Shalabayeva, non fu sequestro di persona. Assolti in appello i poliziotti

Dieci ore di camera di consiglio per ribaltare la sentenza di primo grado

Non fu sequestro di persona. Assolti perché "il fatto non sussiste" i poliziotti che gestirono l'espulsione di Alma Shalabayeva, moglie del dissidente kazako Mukthar Ablyazov, e della figlia Alua. Dopo circa dieci ore di camera di consiglio, è questa la decisione della Corte d'appello di Perugia che ribalta le condanne di primo grado.

Assolti l'allora capo dell’ufficio immigrazione della questura di Roma, Maurizio Improta, con i suoi funzionari Vincenzo Tramma e Stefano Leoni, il capo della Mobile, Renato Cortese, i funzionari dello stesso ufficio, Luca Armeni e Francesco Stampacchia, e il giudice di pace Stefania Lavore. Lacrime e abbracci alla lettura della sentenza, in un'aula piena di poliziotti, colleghi e collaboratori, arrivati da tutta Italia per sostenere gli imputati. 

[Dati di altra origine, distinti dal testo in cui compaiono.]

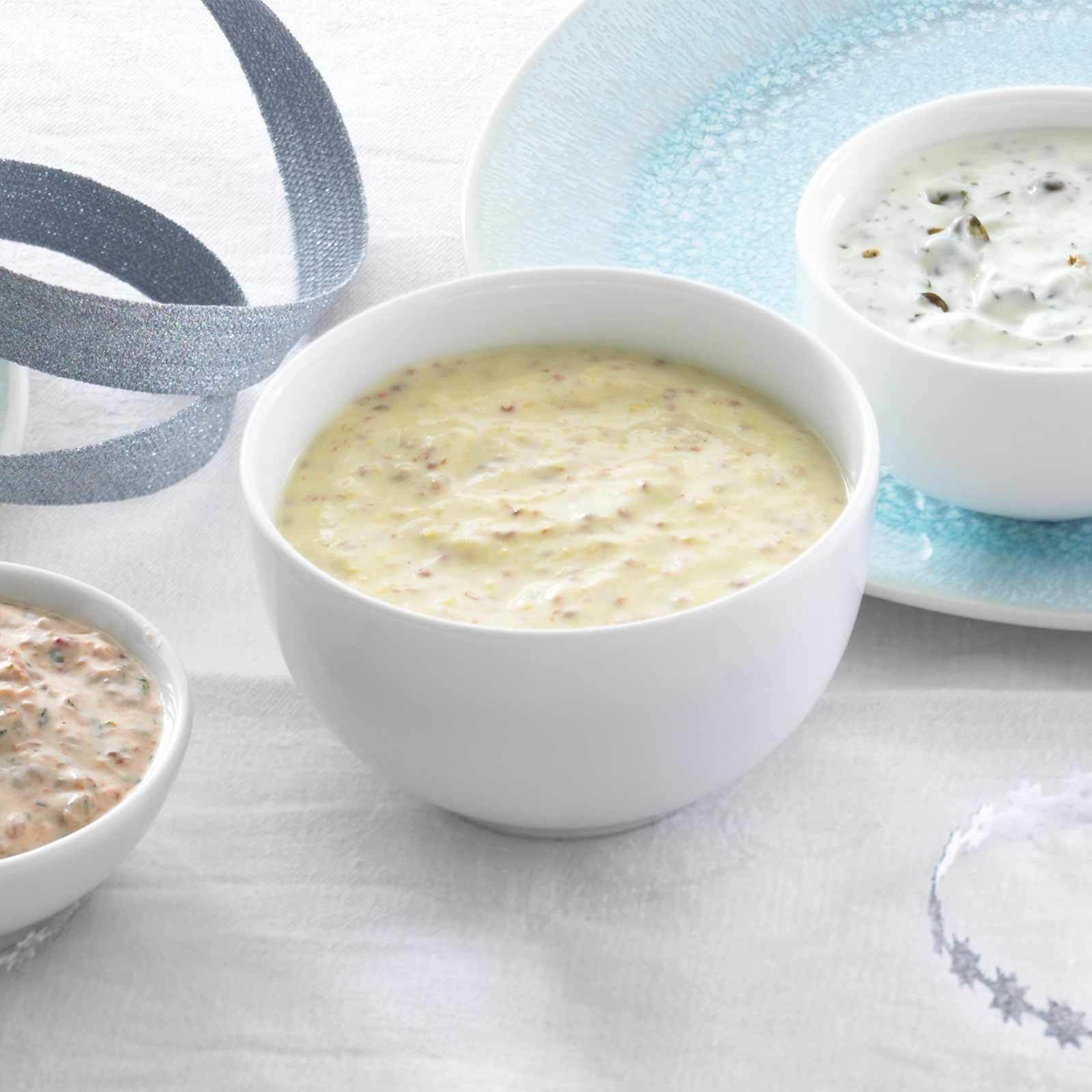 Honig-Senf-Sauce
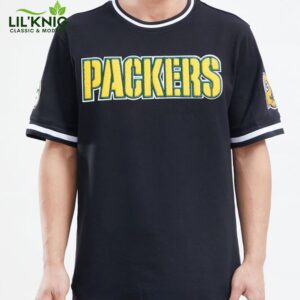 Nfl Green Bay Packers Classic Chenille Men’S Tee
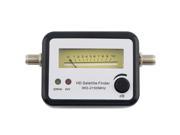 Digital Satellite Signal Finder Alignment Signal Satfinder Meter Compass FTA TV Signal Receiver Finder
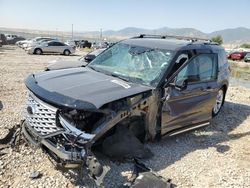 Salvage cars for sale at Magna, UT auction: 2023 Ford Explorer Platinum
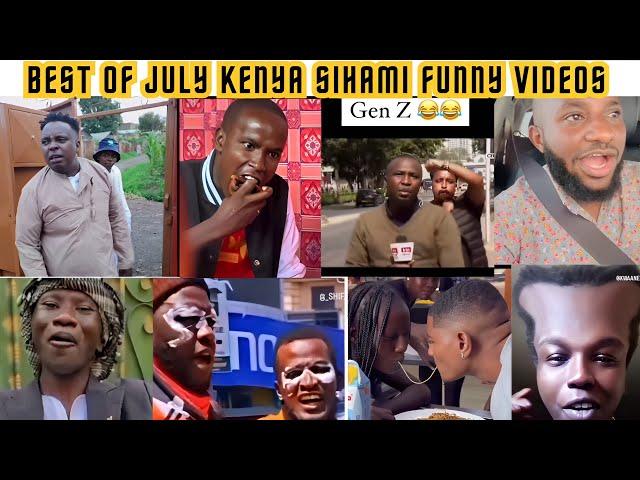 BEST OF JULY KENYA SIHAMI FUNNY VIDEO COMPILATIONS / LATEST COMEDY, VIDEOS AND MEMES.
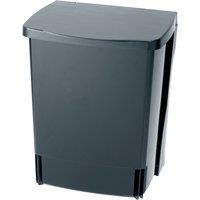 Built-in Bin, 10L, Rectangular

“È stata riconosciuta la regolarità della nostra attività e l’assenza assoluta di qualsivoglia iniziativa criminale. Penso a mia madre che ha 90 anni e che avrà un bel regalo, a mia moglie che proprio oggi compie gli anni, a mio nipote di sei mesi che almeno avrà un ricordo di un nonno perbene. Sono passati nove anni che nessuno mi restituirà e forse adesso potrò avere un po’ di serenità”. Così Maurizio Improta dopo la sentenza. 

Per l'avvocato Ester Molinaro che con il professor Franco Coppi ha difeso Renato Cortese, "è una pagina di grande giustizia. Questa però è anche la conferma che questo processo non doveva proprio essere iniziato". “Il fatto non sussiste significa che l’impianto accusatorio è stato completamente sradicato – aggiunge l’avvocato Molinaro - dimostrando che la procedura era corretta, anzi sicuramente, a questo punto, gli errori erano altrove e non nel capo della squadra mobile di Roma”.